Article 21.2: ‘Everyone has the right of equal access to public service in his country’

The NHS is arguably the United Kingdom's greatest achievement as a public service and is a source of much pride to the nation's people. However, of late it has been subjected to sequential negative stories. The NHS is quoted as ‘belonging to the people’, which includes the elderly. We need to take responsibility for removing the barriers currently inhibiting their access to the care they require, which for dentistry includes mobility and access to dental premises, communication issues, dental anxiety and cost.

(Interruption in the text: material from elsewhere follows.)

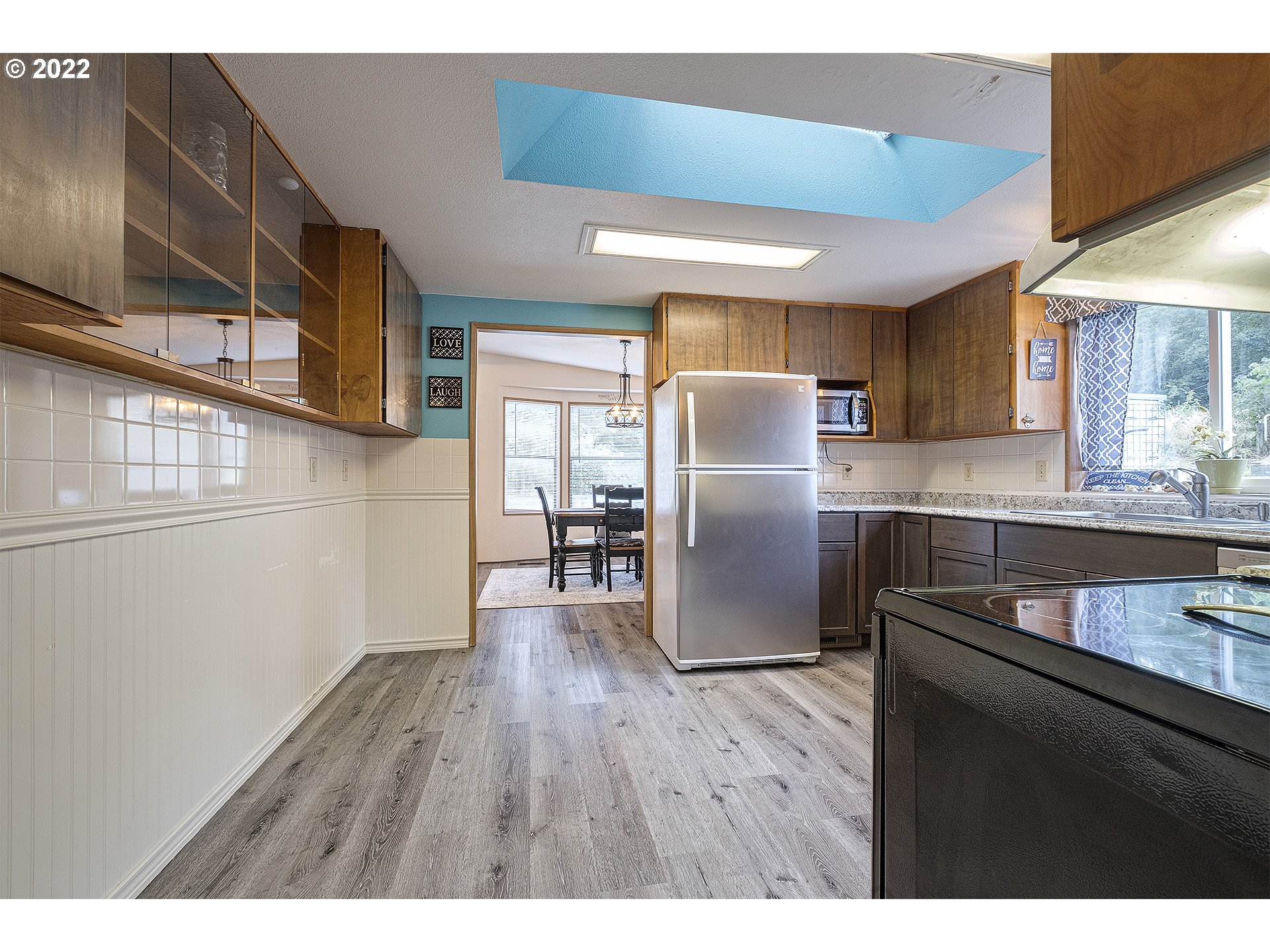 31934 Highland Road Rainier, OR 97048 - Photo 9 of 27 a kitchen with stainless steel appliances granite countertop a refrigerator a sink dishwasher a stove with wooden floor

Article 25: ‘Everyone has the right to a standard of living adequate for the health and well-being of himself and of his family, including food, clothing, housing and medical care’

Undoubtedly, oral health has an impact on both general health and well-being. Older people report oral health as important to their own quality of life for the purposes of eating, being comfortable, their appearance, ability to smile and laugh and as part of their personality.13 Although people can cope without teeth and/or prostheses, their quality of life is ultimately impaired. It has a negative impact on nutrition resulting from impaired masticatory function and avoidance of foods that are hard to chew, leading to the intake of processed, high cholesterol and lipid-based foodstuffs.14

Article 27: ‘Everyone has the right freely to participate in the cultural life of the community’

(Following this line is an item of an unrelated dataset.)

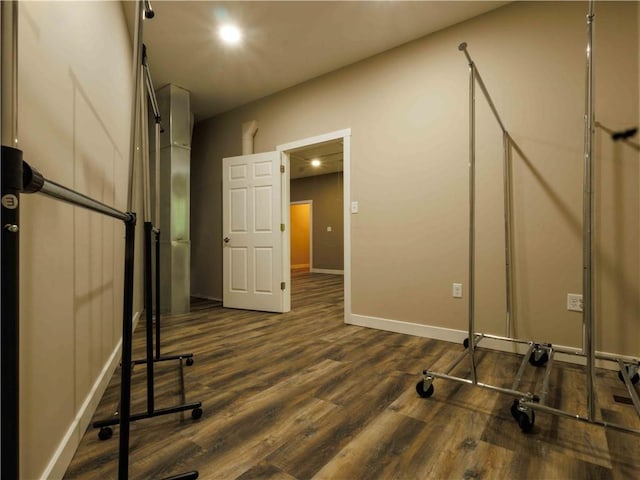 basement with dark wood-type flooring and baseboards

Perhaps some of the most treasured moments for those older people resident in care are when they are visited by family members. Time spent interacting with friends at social events and eating together reinforces the importance of a healthy mouth to allow the social interaction enjoyed in life.

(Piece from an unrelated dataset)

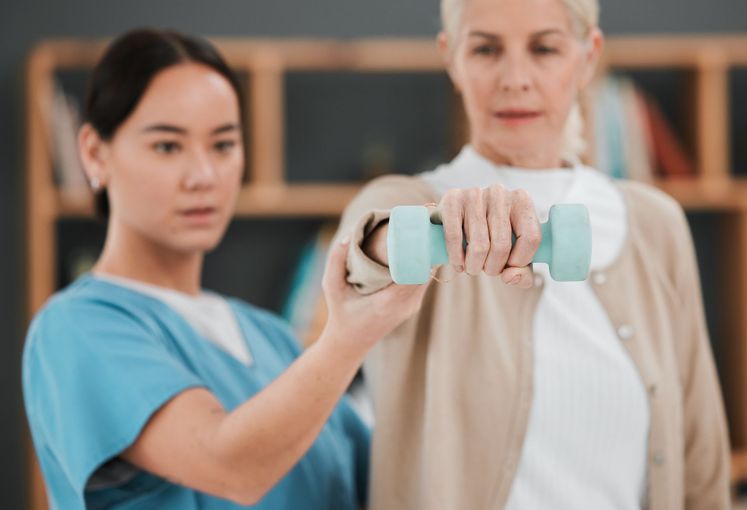 A nurse is helping an elderly woman lift a dumbbell.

‘A culture focused on doing the system's business – not that of the patients’

As politicians attempt to plan for the future and stretch the Treasury's money further, we still have to deliver the frontline care for those in need of our expertise. However, the provision of dental care for the elderly is not, and can never be, business-friendly. The requirements for domiciliary dentistry, transportation to dental clinics, and increased numbers of long and failed appointments all increase costs. Other questions also seek answers. Is our current workforce big enough to meet the need? Are we training our dental students adequately to cope with the demands of providing this type of treatment? Is this a role for generalists or specialists in Special Care Dentistry? Should the importance of oral health be firmly embedded in all healthcare curricula, for example medical and nursing programmes?

What next?

National initiatives such as the Caring for Smiles (http://www.nes.scot.nhs.uk/education-and-training/by-discipline/dentistry/areas-of-education/oral-health-improvement-caring-for-smiles.aspx) Government initiative in Scotland, working closely with the Care Inspectorate, dementia consultants and social services, perhaps point the way towards models of improvement for the future. They need to be supported, however, with research programmes that will help us to understand and overcome the existing psychological barriers to change, if we are to witness significant improvements to oral healthcare of vulnerable older people throughout the United Kingdom. Above all, we need to remember the importance of putting the elderly patient at the very centre of the care we deliver – if we get that right, the rest will follow.